GM has to pay UAW workers it lays off. GM would say that is a union cost. But the UAW will say "Those people are ready to work. If you don't use them then don't say they are a cost of producing. They are a cost of poor management planning."

Some of these costs will fall in 2009 and end by 2011. And the UAW has made some concessions in work rules.

GM pays on-site union representatives. GM would consider that a union cost. The UAW is unlikely to want that in HPV. Whether it is I can't say.

Better numbers are no doubt available. But life is too short. At $1000/car the UAW costs GM $4B more a year.

The last time I looked GM was losing many times that $4B amount.

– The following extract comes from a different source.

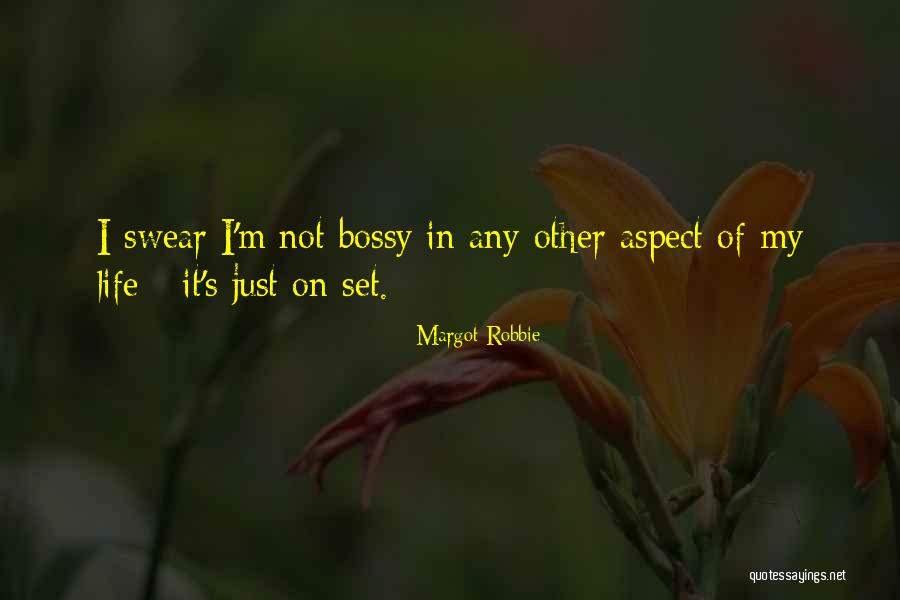 I'm Not Bossy Quotes By Margot Robbie I'm Not Bossy Quotes By Margot Robbie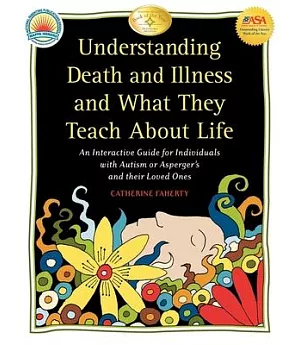 Understanding Death and Illness and What They Teach About Life: An Interactive Guide for Individuals With Autism or Asperger’s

The debt has them now, and the economic downturn, and tight credit, and dealers contracts that can't be changed, and executive overhead, and, and, and....

So I'll go back to my statement of yesterday. Costs don't matter if you can't reduce them. Bankruptcy will reduce costs. A bail-out is a lump of political jelly whose taste we don't know.

Andrey Levin

Do your math, Factory Rat.

About 30$ per hour FIXED LEGACY costs GM is paying per hour (over what Toyota plants is paying, because 10-years old Toyota plants do not yet have retirees) is close to 1000$ per vehicle, in good years. In 2007 GM lost about 1400$ per vehicle – 2/3 because of legacy obligations to retirees.

Now, with double amount of dealerships (State laws prohibit retiring of dealerships), fixed legacy costs the same as in good years, and inability to fire employees (“job banks”), GM is bleeding probably 2500$ per vehicle, because of stupid LEGACY OBLIGATIONS to the UAW.

Both sides, UAW and GM management are responsible for creation of such time bomb, sure to explode during recession.

One could ask why GM totally went into truck/SUV market? Japs did not have it at the moment, and it was 5-years window of opportunity to GM to be profitable due to ability to command high profit margin on such vehicles. No conspiracy theories, just plain profit and survival.

Now, it is surprising how GM plants are close in productivity with new Jap’s plants in US, how close GM vehicles are in initial quality with Japs (Germans are far behind), and what small amount US taxpayers would pay to take these legacy obligations on the payroll (about half billion per month; compare with 700 billions US spent on freaking ass-hamping Iraqis in last 5 years). 10% is what makes it black or red ink at the bottom.

300TTto545

Labor costs are not the whole problem - they really are a minor part. Management is terrible also. Vehicle mix is awful and ability to change is poor.

The fact is in a severe recession - very few people need new cars. They have been discounted and free financing for years. They can't seem to survive a 5% decrease in sales, let alone a 50% decrease. Someone needs to go away. I have a prediction - car sales will continue to decline. Wow - I'm a genius. None of the detroit 3 in current form can survive a sustained 50% decline in sales - therefore bankrupty is the ONLY option. Anytime we try to soften the cyclical blow, we distort reality and waste resources (right wing "theory" - called capitalism).